I was very pleased with how the quarter round effect came out. It looks like a finished-edge countertop. I was still worried about the color, but I hadn't cleaned it yet and there was a lot of dust on the surface, so I set about other projects while my girlfriend scrubbed the countertop with concrete cleaner and sprayed off the surface.
I built a box, now time to cut out some holes for the doors and drawers. I set the doors from the old cabinets against the wood and traced them out, then subtracted an inch all the way around to get the size perfect. I wanted the hinges to go into the framing wherever possible, so I moved the door in the front all the way to the right rather than placing it in the middle.
Holes cut out for the drawers, and the first test fit of the day! Seems to line up beautifully. I used the smaller drawer up top, hoping it would clear the sink. And then the larger silverware drawer underneath.
After cleaning and the first epoxy coating, this is what the countertop looked like. I was much more pleased with how it was turning out! The color, the marbling, the edge, everything was coming out great.

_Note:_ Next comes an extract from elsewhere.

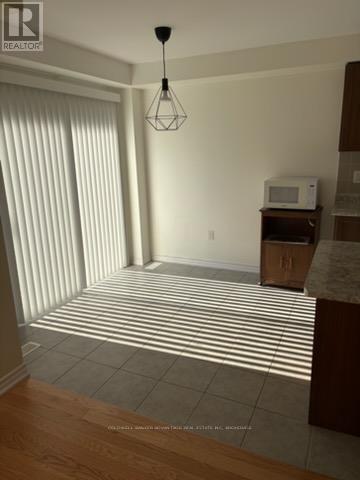 Detached at 7744 SHADBUSH LANE, Niagara Falls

I set in the drawer slides and leveled them to figure out where to drop the back support. I started to worry that the plumbing might not fit, but it seemed to be just enough to work.

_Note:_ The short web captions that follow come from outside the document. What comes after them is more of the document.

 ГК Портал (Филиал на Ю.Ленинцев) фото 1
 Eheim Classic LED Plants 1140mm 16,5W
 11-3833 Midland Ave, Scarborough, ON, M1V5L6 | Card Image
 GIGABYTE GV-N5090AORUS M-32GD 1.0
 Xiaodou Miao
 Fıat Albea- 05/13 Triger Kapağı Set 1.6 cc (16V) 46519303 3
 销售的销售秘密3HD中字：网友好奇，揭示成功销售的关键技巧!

I installed all of the doors and drawers to test everything out and make sure it all aligned correctly. It's starting to look like a cabinet!
Countertop was brought in (all 200lbs of it!) and very carefully placed on top of the frame. It took three people to get it up there and slid back into place. I started shimming anywhere I saw it was not meeting the 2x4's perfectly. I placed adhesive liberally along all of the framing to make sure this thing stayed where it was put! I was so nervous testing the fit of the sink, but it dropped in like it was a factory fit!
I cleaned off the epoxy a little bit and the color is really starting to come out. So happy with the result.
I decided the cabinet could use a little more organizational options.
Plumbing! Water lines strapped to the frame to keep them out of harm's way and somehow nothing got in the way of the drain line!
Here I was testing some of the cut pieces I made for the two ends of the countertop. I wanted to trim it with something nice, rather than just caulking against the concrete where it met the front of the cabinet.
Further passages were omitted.